[Start of section]
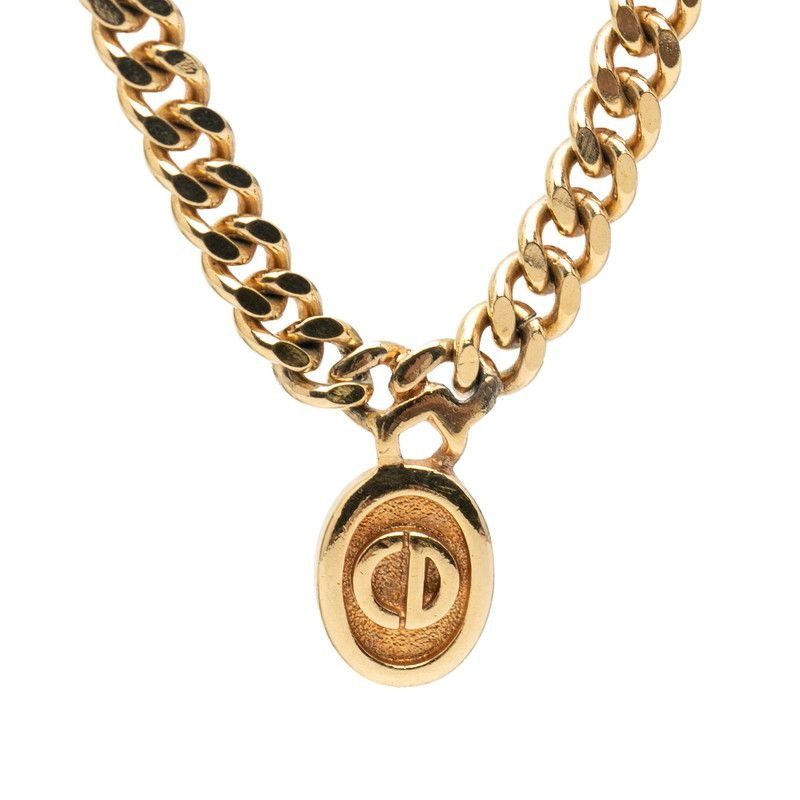 Dior CD Logo Chain Necklace Gold Plated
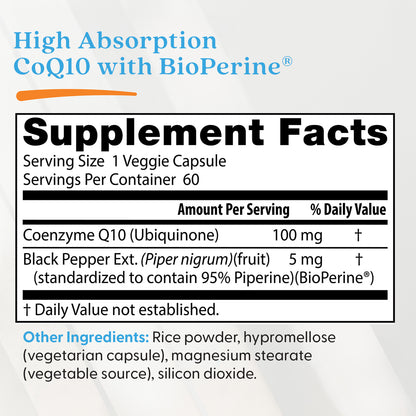 Doctor's Best High Absorption CoQ10 with BioPerine, 100 mg, 60 Veggie Caps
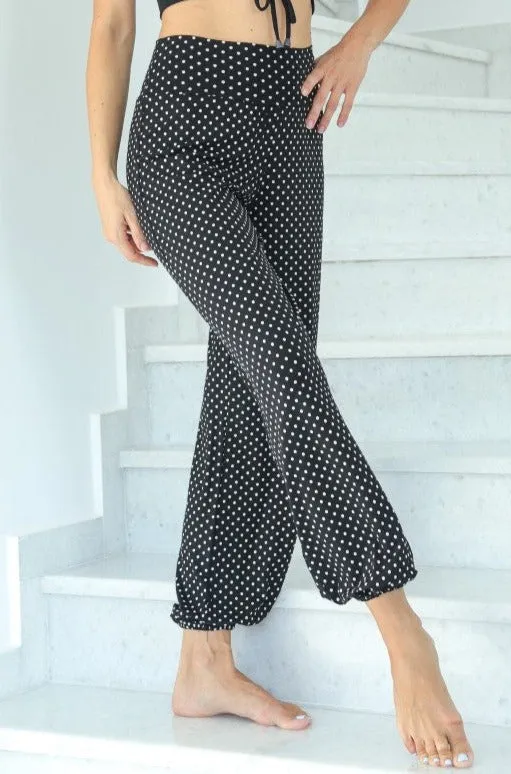 Polka Dot Gathered Harem Style Tango Pants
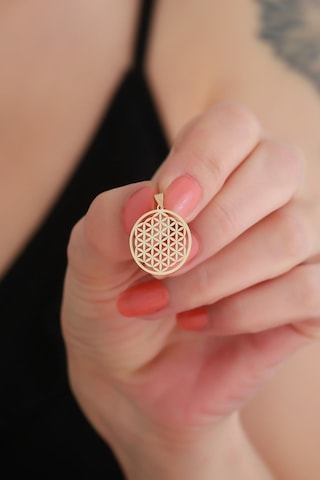 Bayar Gold 14 Ayar Altın Yaşam Çiçeği Kolye Ucu 1,7 Cm Sarı Altın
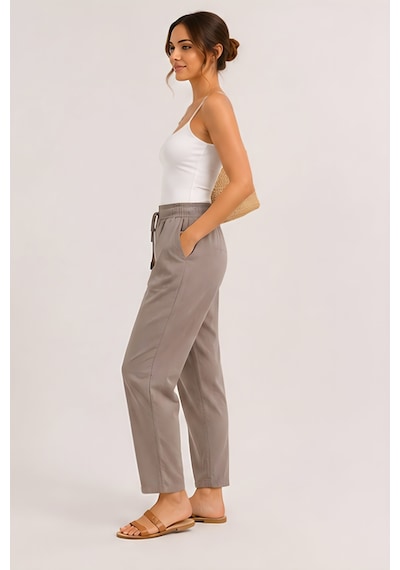 Lili Woman Kadın Taupe Natural Bağcıklı Dar Paça Pantolon E.3076 Vizon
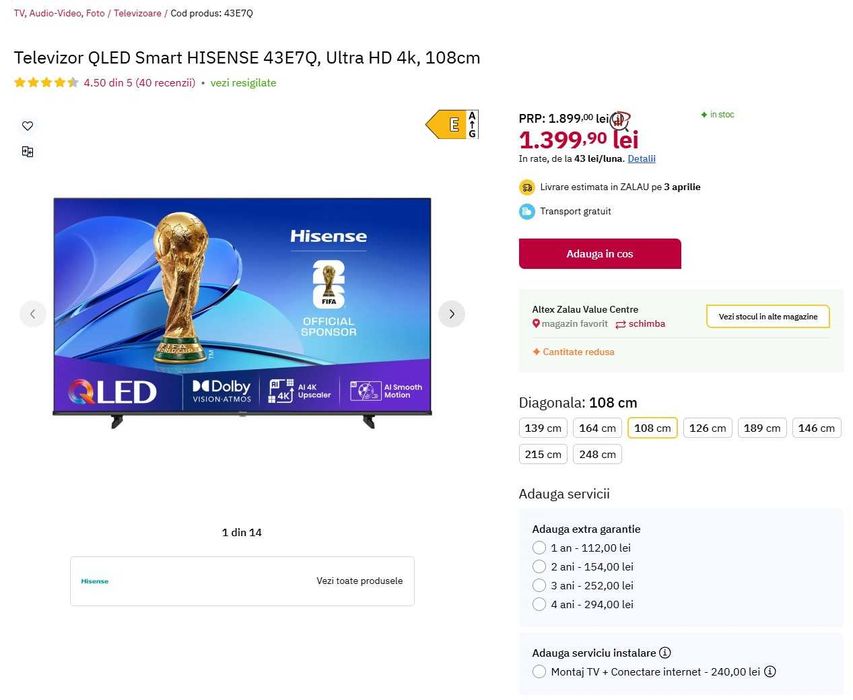 Televizor Hisense 43E7Q, 43 inch, 4K UHD QLED, Smart TV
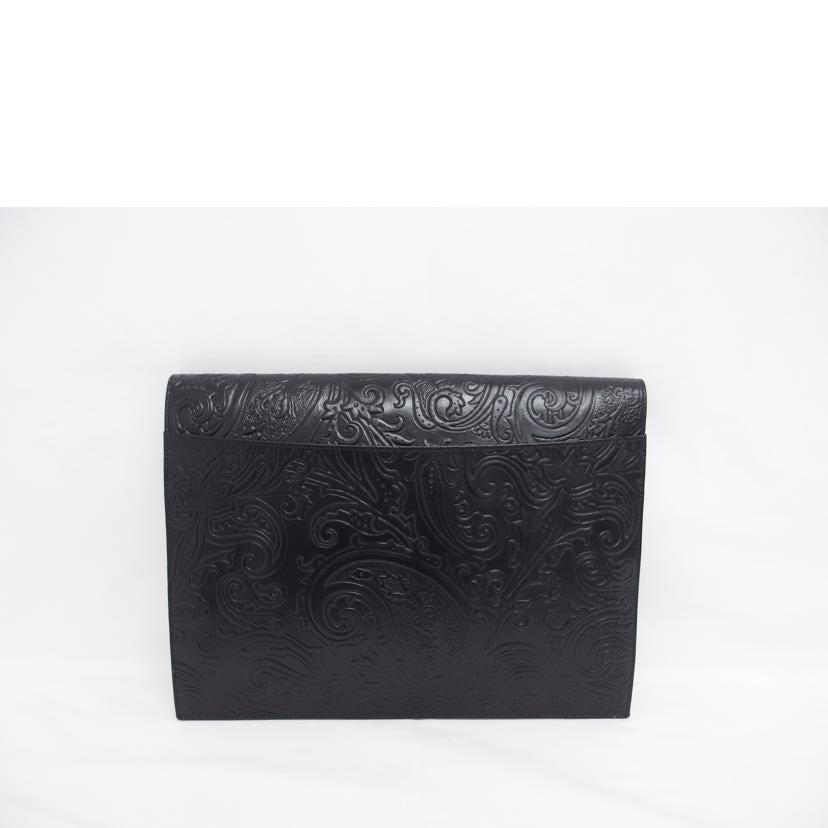 ETRO エトロ/ペイズリー型押し/レザークラッチバッグ/ブラック/1F941//256*/ABランク/04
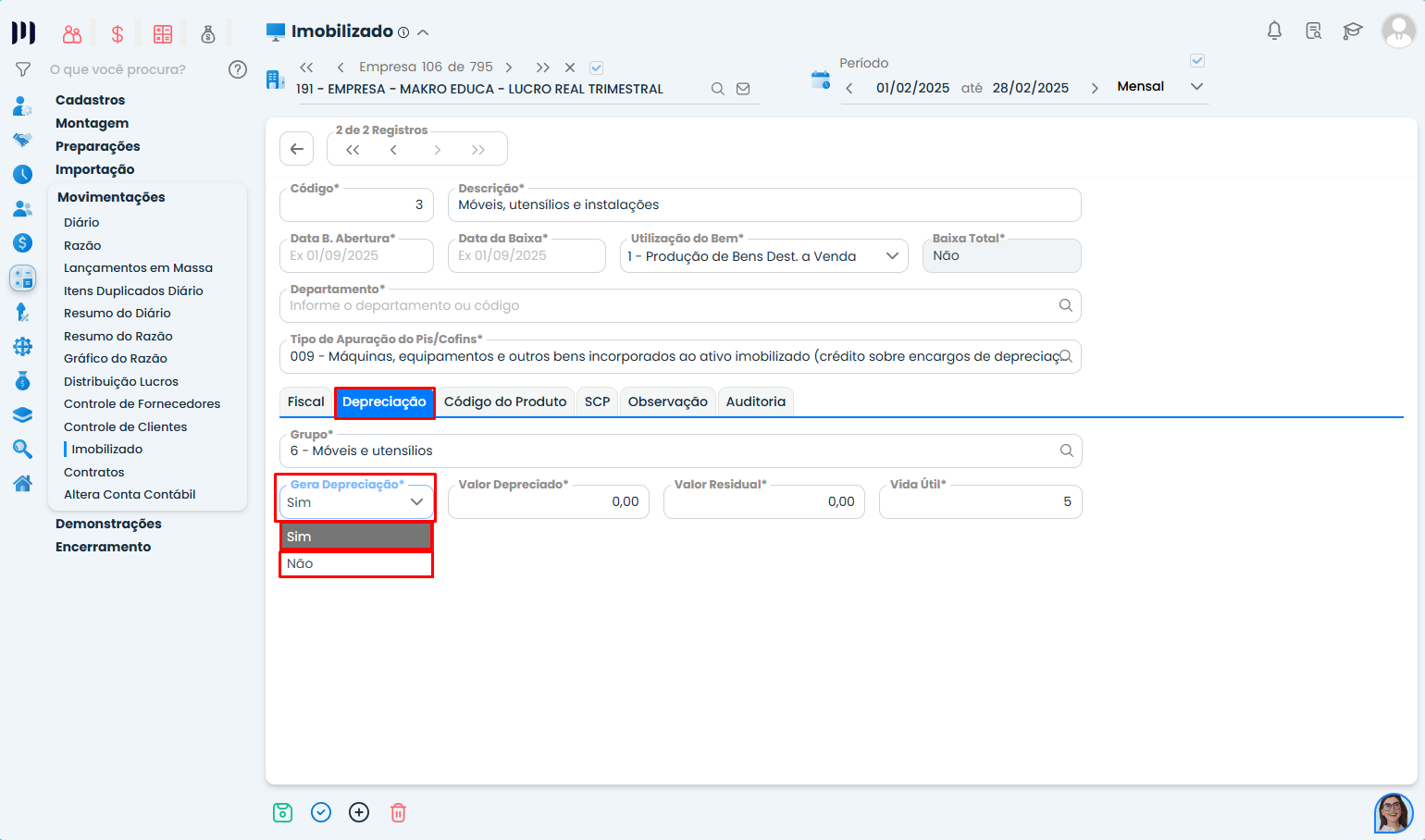 Essa imagem mostra o que você deve selecionar no campo 'Gera Depreciação'.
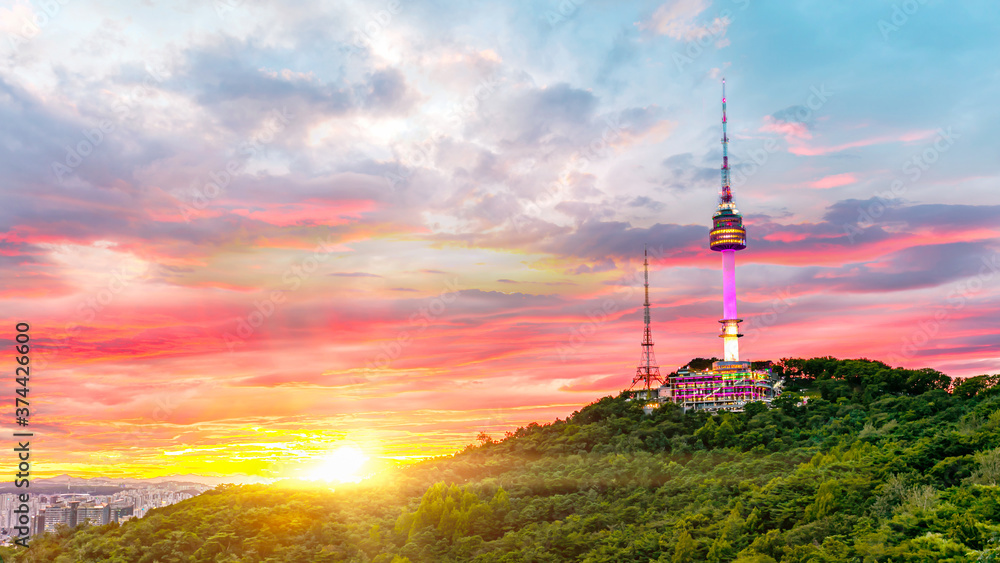 Sunset of Seoul Tower in Seoul South Korea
[End of section]
TASK DIRECTIONS -
Only an exact copy of the records counts as an answer. Leave out the images.

REPLY TO THE TASK -
 Dior CD Logo Chain Necklace Gold Plated
 Doctor's Best High Absorption CoQ10 with BioPerine, 100 mg, 60 Veggie Caps
 Polka Dot Gathered Harem Style Tango Pants
 Bayar Gold 14 Ayar Altın Yaşam Çiçeği Kolye Ucu 1,7 Cm Sarı Altın
 Lili Woman Kadın Taupe Natural Bağcıklı Dar Paça Pantolon E.3076 Vizon
 Televizor Hisense 43E7Q, 43 inch, 4K UHD QLED, Smart TV
 ETRO エトロ/ペイズリー型押し/レザークラッチバッグ/ブラック/1F941//256*/ABランク/04
 Essa imagem mostra o que você deve selecionar no campo 'Gera Depreciação'.
 Sunset of Seoul Tower in Seoul South Korea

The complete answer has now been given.